The task
Write out again only the lines that run from the start of the entries to the line containing "Elegant Engagement Party Ideas, Engagement", both included.

(Collected data)
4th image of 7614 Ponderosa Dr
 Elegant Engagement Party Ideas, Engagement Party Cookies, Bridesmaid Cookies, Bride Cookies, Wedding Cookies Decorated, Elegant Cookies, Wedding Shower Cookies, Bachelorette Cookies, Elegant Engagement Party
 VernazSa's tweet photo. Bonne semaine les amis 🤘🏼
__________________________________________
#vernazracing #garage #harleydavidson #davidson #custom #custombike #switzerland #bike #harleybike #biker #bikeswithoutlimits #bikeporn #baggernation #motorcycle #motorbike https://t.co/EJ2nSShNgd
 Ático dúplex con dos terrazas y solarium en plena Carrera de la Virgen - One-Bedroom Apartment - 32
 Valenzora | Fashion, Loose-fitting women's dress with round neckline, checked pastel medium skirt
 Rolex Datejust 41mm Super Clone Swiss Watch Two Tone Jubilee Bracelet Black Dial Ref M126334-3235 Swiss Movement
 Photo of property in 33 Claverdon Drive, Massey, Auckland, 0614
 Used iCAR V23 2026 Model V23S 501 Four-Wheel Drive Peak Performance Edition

Exercise solution
4th image of 7614 Ponderosa Dr
 Elegant Engagement Party Ideas, Engagement Party Cookies, Bridesmaid Cookies, Bride Cookies, Wedding Cookies Decorated, Elegant Cookies, Wedding Shower Cookies, Bachelorette Cookies, Elegant Engagement Party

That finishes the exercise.